Munoz serves as records clerk for the department, a role he has held since 2023 after starting as a dispatcher in 2022. His duties cover the unglamorous backbone of police work: organizing critical documents, entering data into department systems, and keeping records accessible to officers and the public. He also steps in when dispatch gets overloaded with calls and greets walk-ins at the front of the station.
"I also assist dispatch whenever they get calls they can't receive," Munoz said. "And talk to people walking in. In case they need to make a report or pick up a report, or if they need help with anything else, like speak to an officer about an issue they have."
That range of responsibilities cuts against a persistent assumption about autism in the workplace. Nationwide, the unemployment rate for adults with autism runs between 85% and 90%, with only 32% of autistic adults employed at all, compared to more than 70% of the general adult population. Munoz is familiar with the stereotype, and his tenure at the Alice PD has become his answer to it.

"The fact that I've been here almost four years is something I'm most proud of," he said. "I feel like it's a misconception that people say, 'Autistic people can't maintain a job for very long.'"
The communication demands of a police department front desk are not trivial, and Munoz has not minimized the challenge. "As someone with autism, I was always mostly a quiet person. Sometimes it's hard to talk, especially a little louder. Sometimes I speak a little quietly," he said. He has learned to navigate those hurdles, guided in part by a philosophy he applies daily: keeping calm, because the people walking through that door may be carrying burdens that are not immediately visible.
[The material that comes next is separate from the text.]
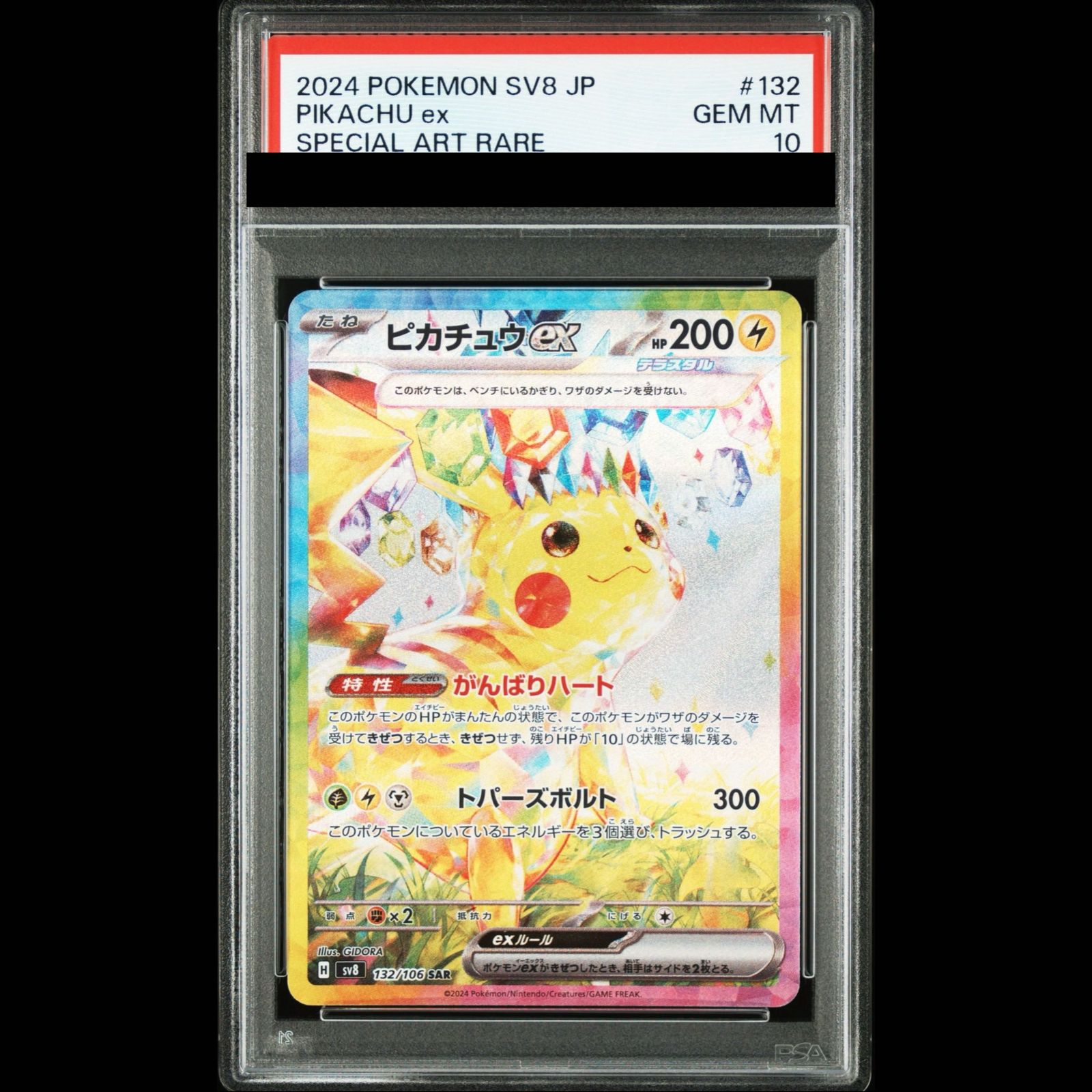 Graded copy sold 2026-08-16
The CDC's ADDM Network, drawing on 2022 surveillance data, found that about 1 in 31 children, roughly 3.2%, are now identified with autism spectrum disorder, up from 1 in 36 in prior reporting cycles. As that share of the population grows, so does the urgency of building workplaces that can accommodate neurodivergent employees. Yet only 34% of adults with autism report feeling well-supported at work, a figure that makes inclusive employers like the Alice Police Department, led by Chief Eden Garcia, increasingly consequential.

Munoz's message, offered during Autism Awareness Month this April, is aimed squarely at employers weighing that decision: "Give them a chance and they'll surprise you. They may have qualities no one else might have and they'll overcome the challenges they are facing and meet up to your expectations."
In Alice, a South Texas city of 17,891 that serves as the county seat of Jim Wells County, Munoz shows up each day to a job that asks him to organize records, absorb overflow calls, and be the first face a rattled member of the public sees. He has done it for nearly four years. He plans to keep going.